Homotopy groups are defined as (pointed) homotopy classes of (pointed) maps from a sphere into a space (which does not have to be a manifold).

It turns out that there is no nontrivial way to map a $2$-sphere to a circle, but after that things get interesting...

  • Consider the map $S^3 \rightarrow \mathbb{C}P^1$ where we consider $S^3 \subset \mathbb{C}^2 - \{0\}$. This is not nullhomotopic, and so it is a nontrivial way to map a $3$-sphere to $\mathbb{C}P^1$. (This is called the Hopf fibration, after identifying the target with $S^2$).

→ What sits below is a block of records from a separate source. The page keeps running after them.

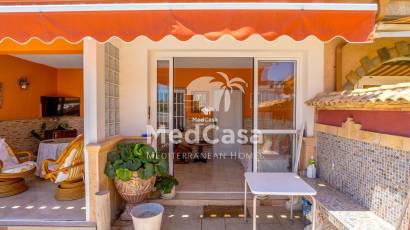 Wiederverkauf - Villa -
Orihuela Costa - Campoamor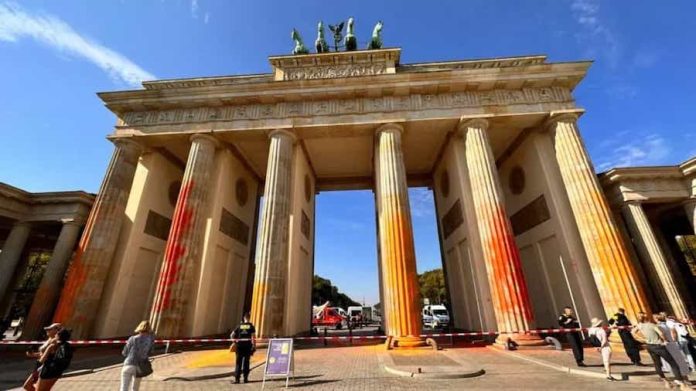 brandenburg gate - germany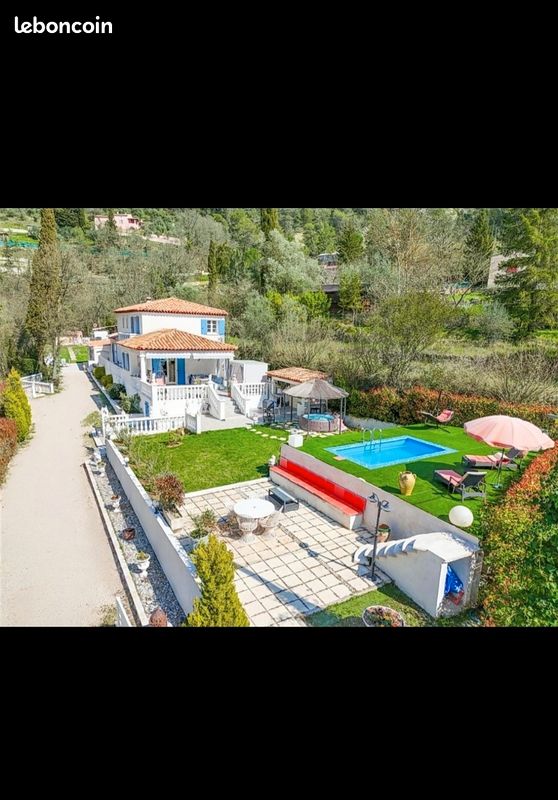 Maison 6 pièces 195 m² · à L'Escarène · 195 m² · 590 000 €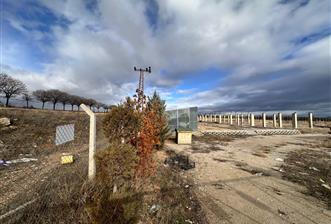 GÖKÇEHÖYÜKTE HAYMANA BULVARI CEPHELİ SATILIK SERA - 1 - 32580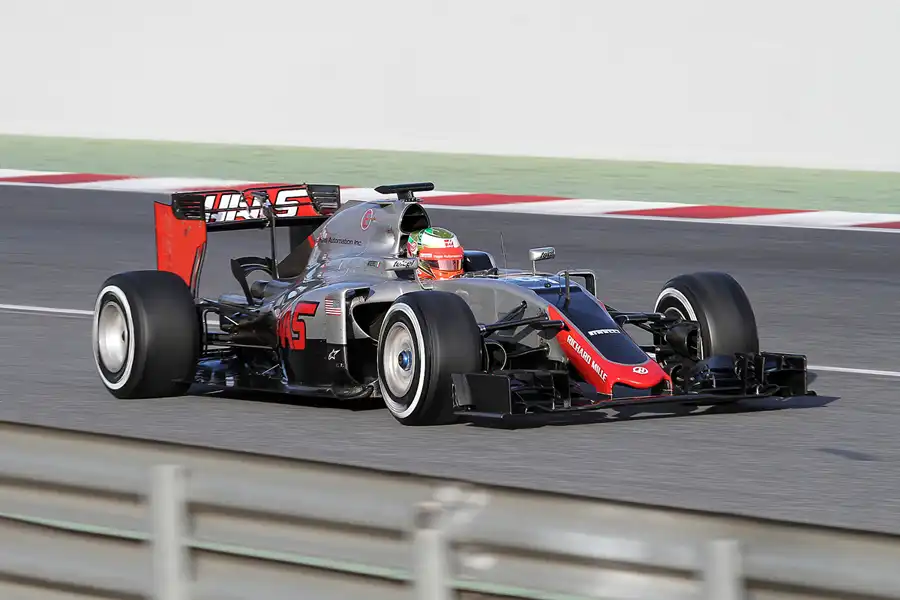 090 | 2016 | Barcelona | Haas-Ferrari VF-16 | Esteban Gutierrez | © carsten riede fotografie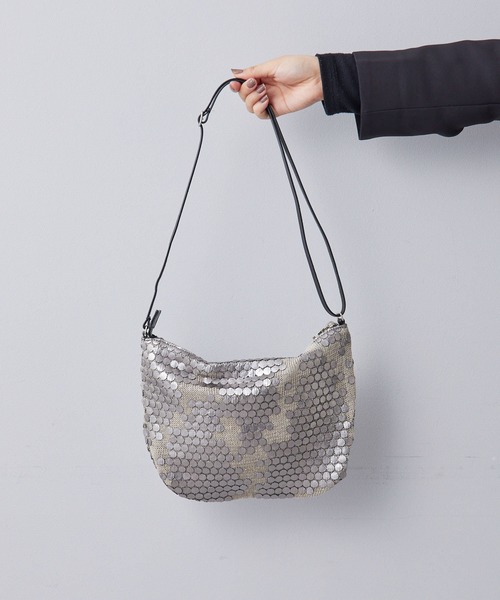 tee Lisa（ティーリサ）の「【Tee Lisa(ティーリサ)】ドットショルダーバッグ（ショルダーバッグ・レディース・アンティークシルバー・FREE）」の4枚目の写真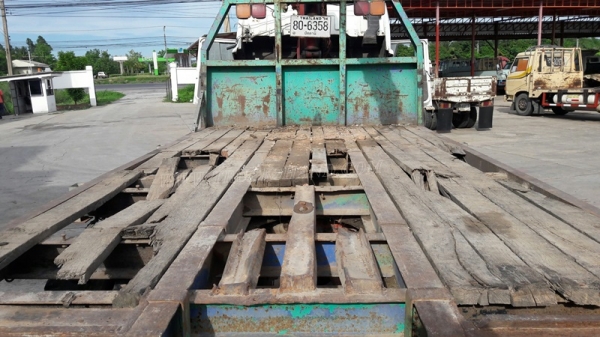 รถเทเลอร์ท้ายเป็ด 10 ล้อติดตั้งเครน 3 ตัน  ยี่ห้ออีซูซุ  ขนาด 175 แรงม้า  ติดเครน 3 ตัน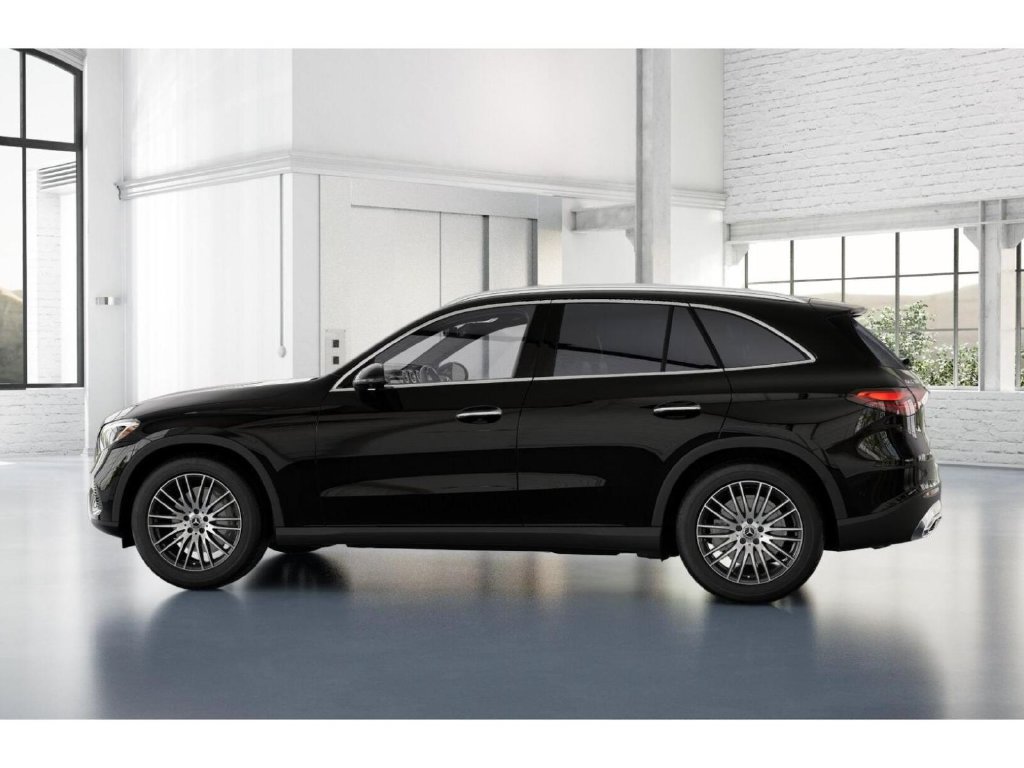 Certified 2026 Mercedes-Benz GLC 300 image 33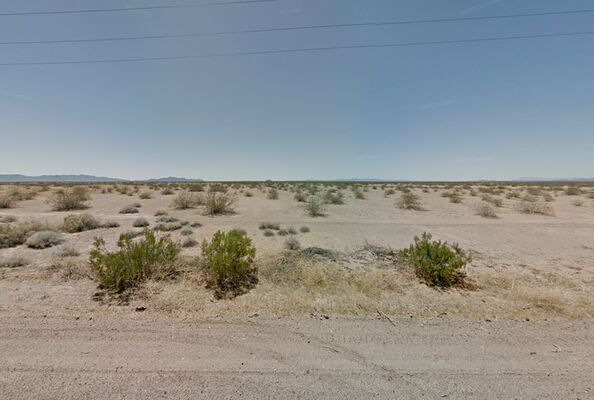 0.83 Acre in Dateland, Arizona (only $250 a month)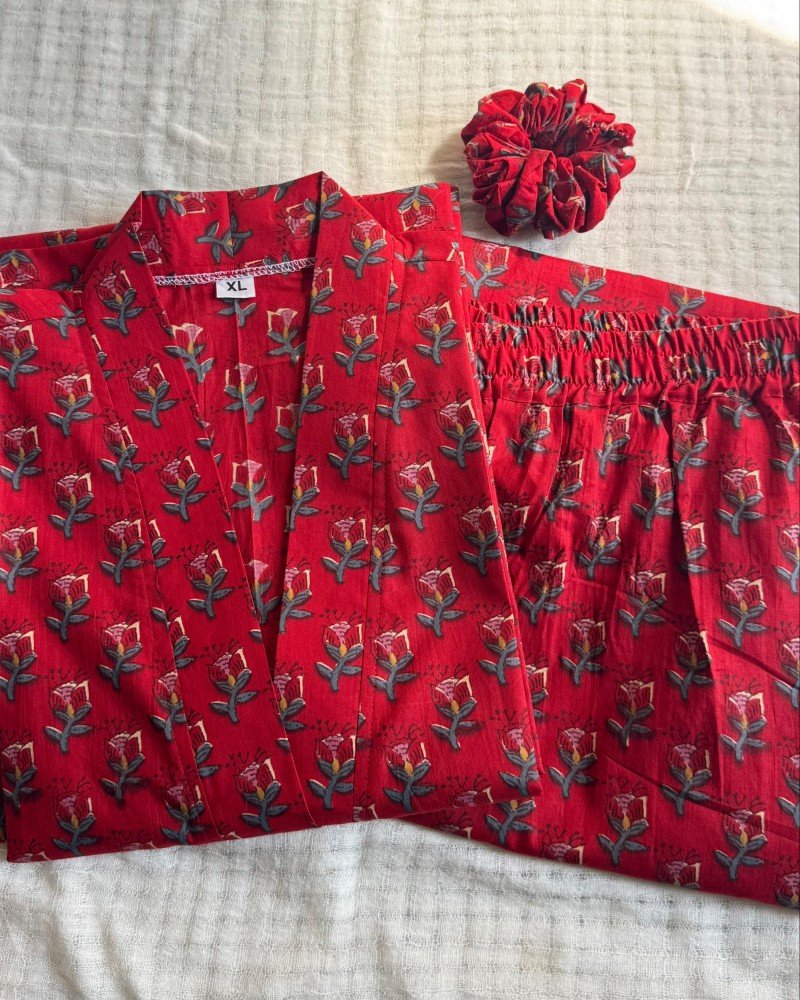 RED LITTLE FLORAL MOTIF KURTA BOTTOM SET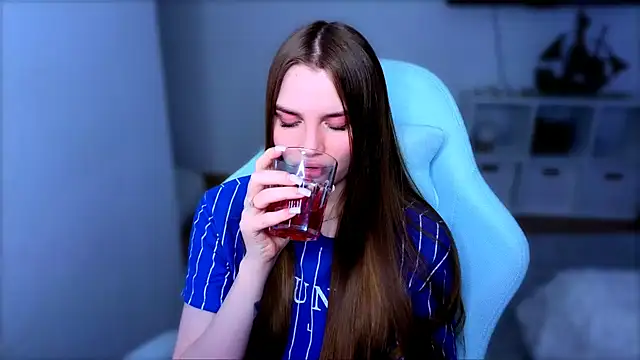 Snapshot of StellaLawless chatting on 12-18-25, 09:21 StellaLawless online show from 12-18-25, 09:21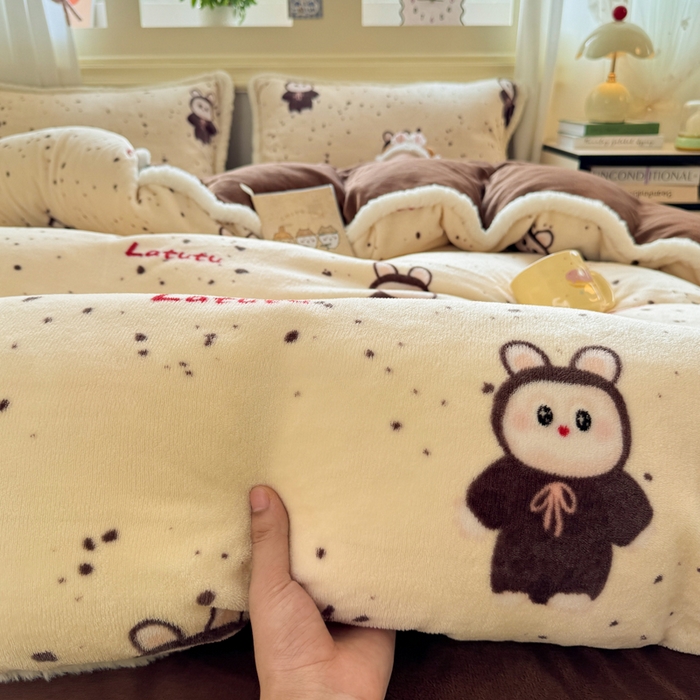 91家纺网 家纺一手货源 找家纺 大麦家纺 2025年新款兔毛花边印花牛奶绒四件套 萌趣布布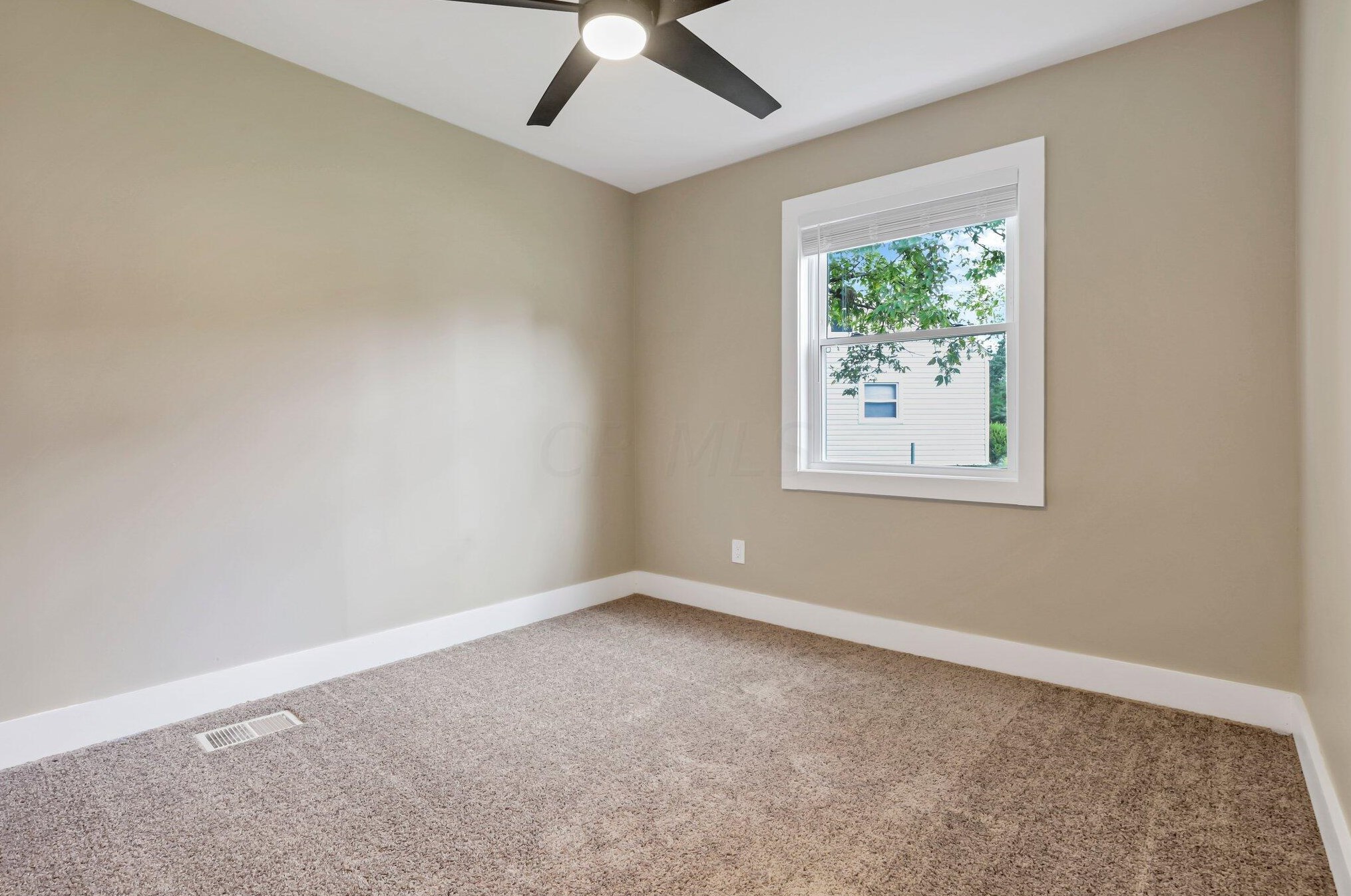 792 Exeter Rd, Columbus OH 43213-2423 exterior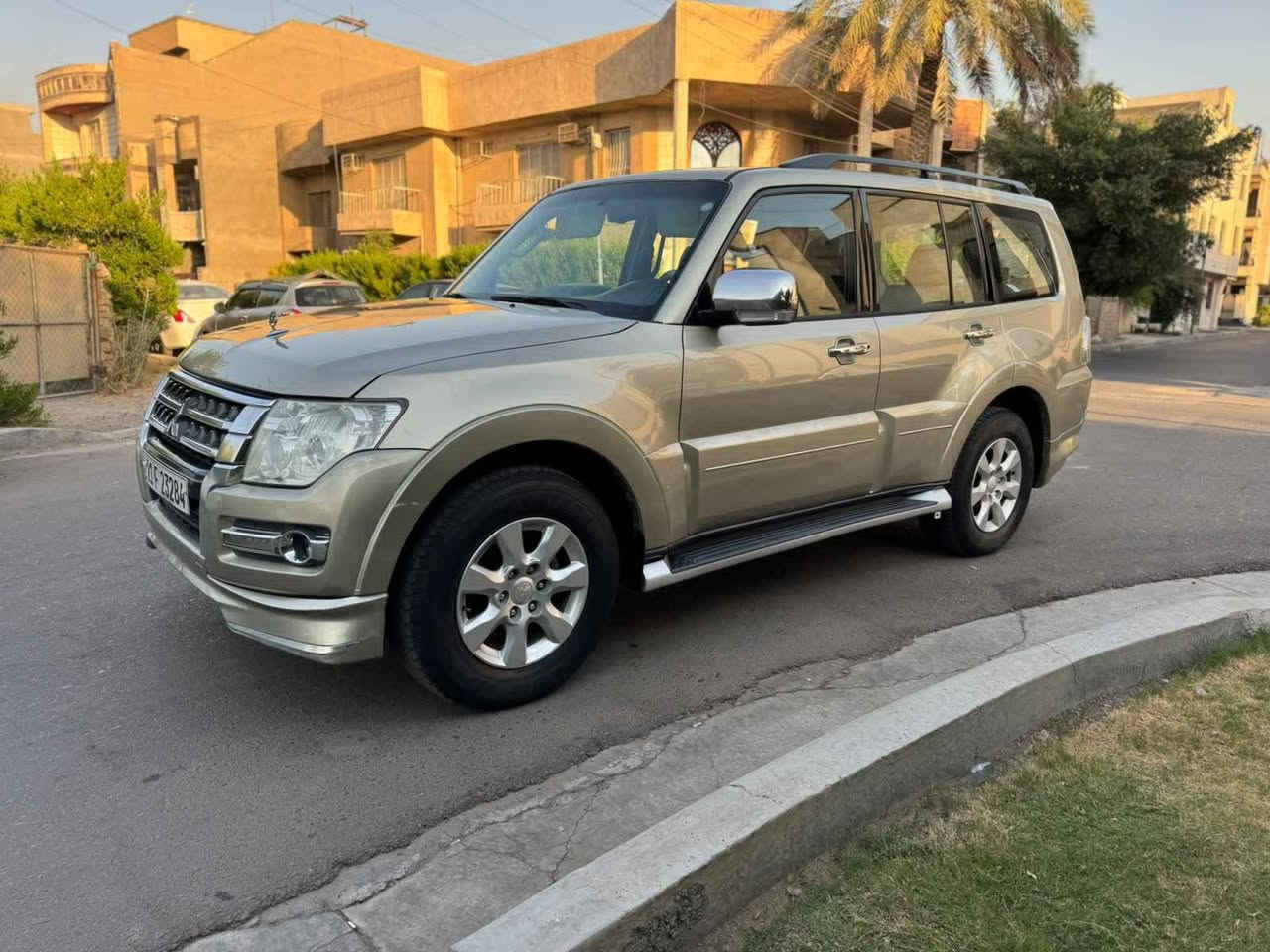 *********** اخت الزيرو 
باجيرو ٢٠١٦ خليجي gls
مكفوله  من ضربه وصبغ 
ماشيه ١٠٠ الف كيلو 
محرك ٣٥٠٠ 
٧ راكب  ٣ قطع تبريد
فول تحكمات ستيرن 
ترحيب  ومري شفط واشاير
  ......   بدون فتحه ......
بلوتوث  اوكس 
كشن سايق جلد  وكهرباء 
داخل صاج 
تبريد  ثلج 
غرفتها جديده  بلاديه 
صدر امامي خلفي  جديد 
كير محرك  خير من الله 
باسمنه تحويل ثاني يوم 
لد امامي 
سبير منازل 
سياره  ناعمه كلش واقتصاديه بدون  نقص
سعرها ١٥٤ ورقه 
اتصال فقط  مكلف بلنشر 
*********** بغداد, العراق
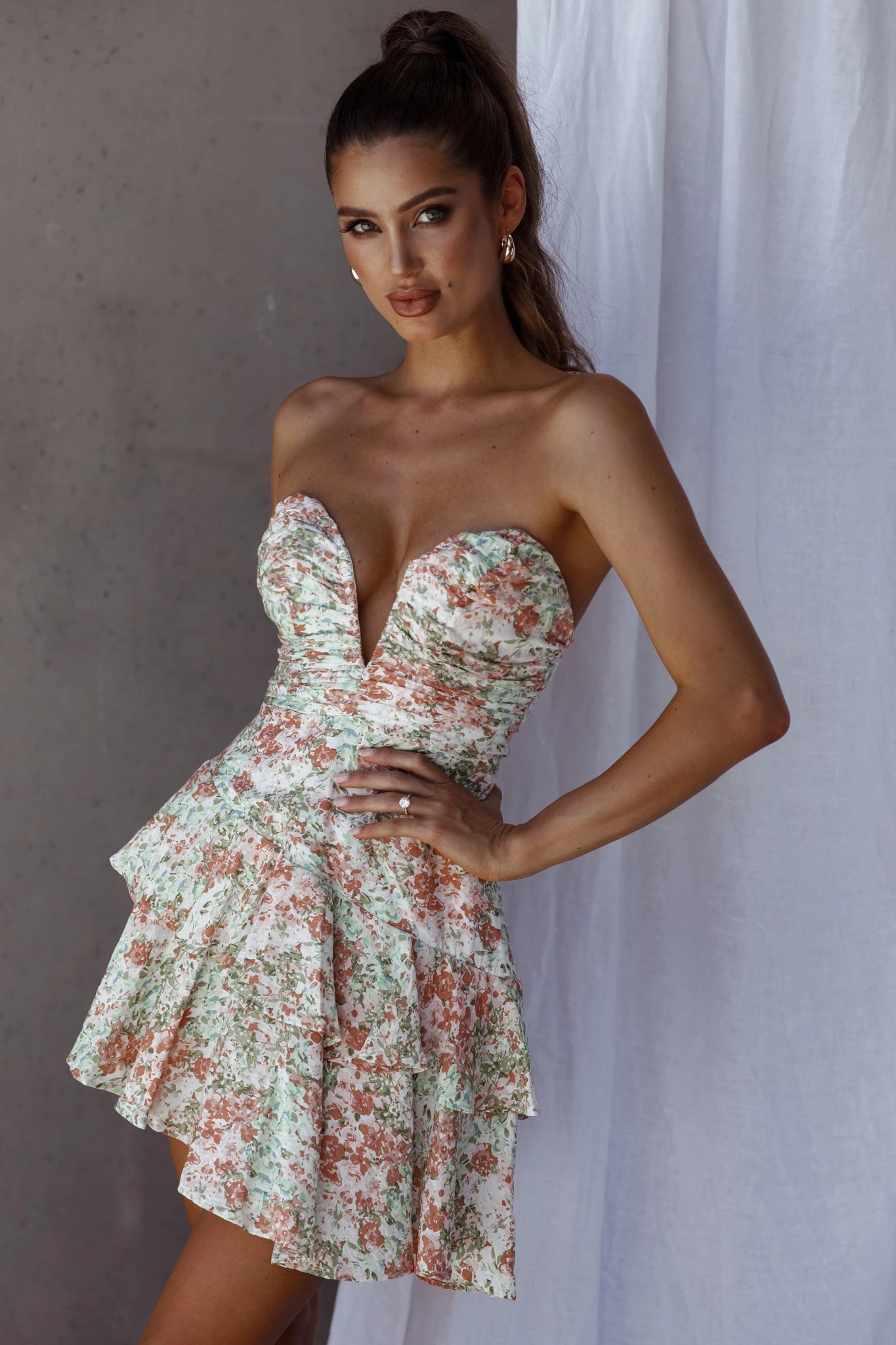 Milana Sweetheart Neckline Asymmetrical Dress Floral White 5 Milana Sweetheart Neckline Asymmetrical Dress Floral White - Image 5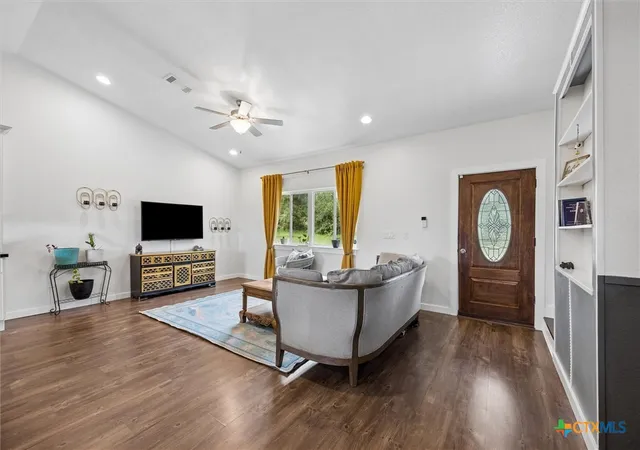 Photo 3 of Single family home for sale at 730 Spoke Holw Rd, Lockhart, TX 78644 | MLS# 624274 | Listing updated on 2026-09-13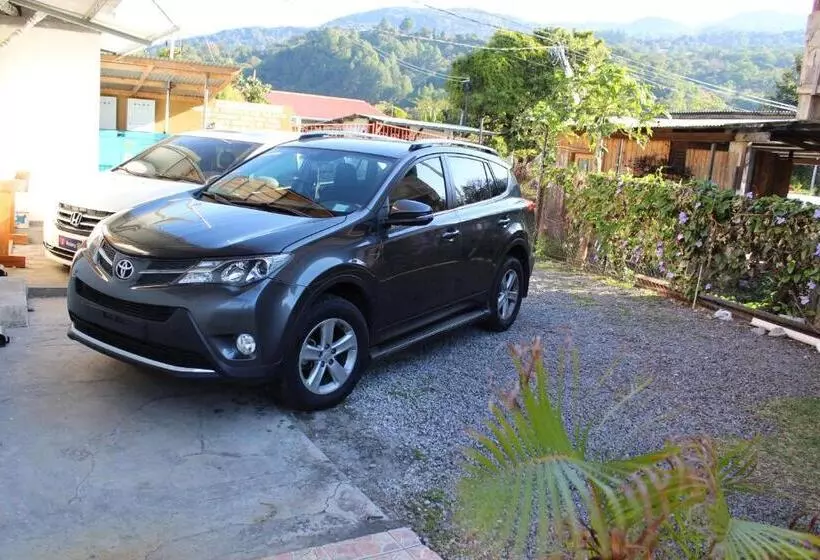 ユースホステル Boquete Town Hostal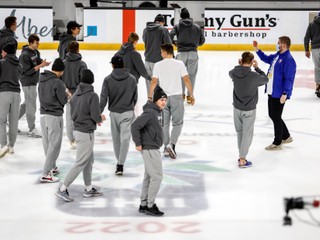 Slovenkí hokejisti opúšťajú štadión po tom, čo zrušili IIHF zrušila MS v hokeji do 20 rokov 2022.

One way to prove this is to show that the fibers over two different points are linked nontrivially.
  • In general, the problem of calculating the homotopy groups $\pi_{n+k}S^{n}$ for $n$ large is equivalent to studying what is called "framed cobordism of $k$-manifolds". That is, we can say something about how complicated a map from a big sphere to a small sphere is by studying it's fiber which will (after a bit of wiggling) be some $k$-manifold. Saying that the map is nontrivial translates into saying that the manifold you get this way is nontrivial in some specific manner (called cobordism).
  • The above problem is hard and is, in some sense, the (unattainable) holy grail of algebraic topology: if we just cared about embeddings of spheres, our jobs would be over (or we'd become knot theorists...). Many nontrivial maps are known, and it is known that there a lots and lots.